**** DATA BLOCK

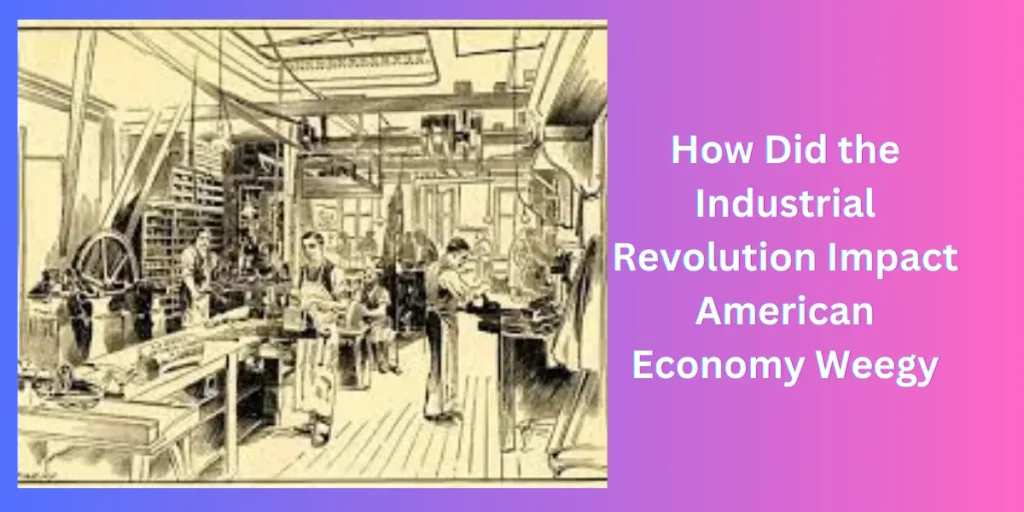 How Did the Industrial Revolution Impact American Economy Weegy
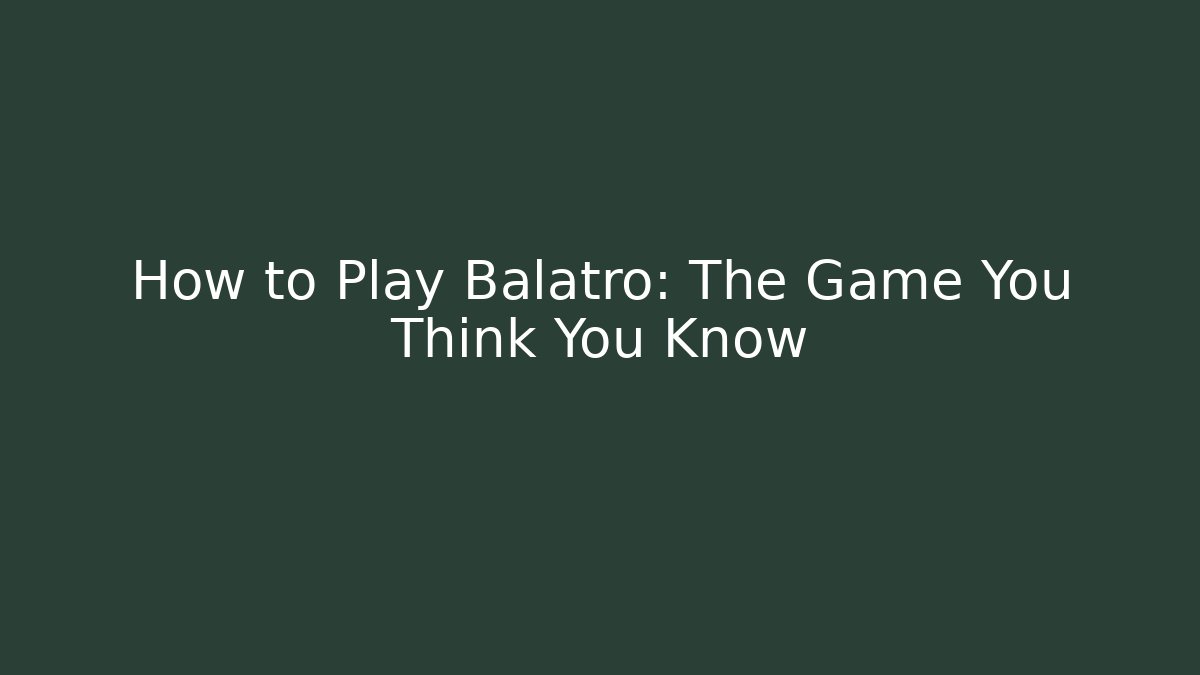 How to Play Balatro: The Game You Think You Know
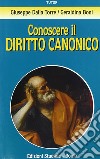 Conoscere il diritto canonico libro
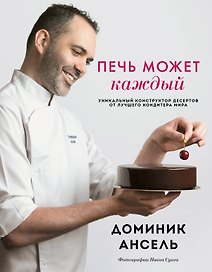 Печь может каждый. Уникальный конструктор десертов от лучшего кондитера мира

********

ACTION ITEM:
Leaving the pictures out, copy exactly the lines from the line that contains "Conoscere il diritto canonico libro" to the last line of the data, both ends included.

RESPONSE BELOW:
 Conoscere il diritto canonico libro
 Печь может каждый. Уникальный конструктор десертов от лучшего кондитера мира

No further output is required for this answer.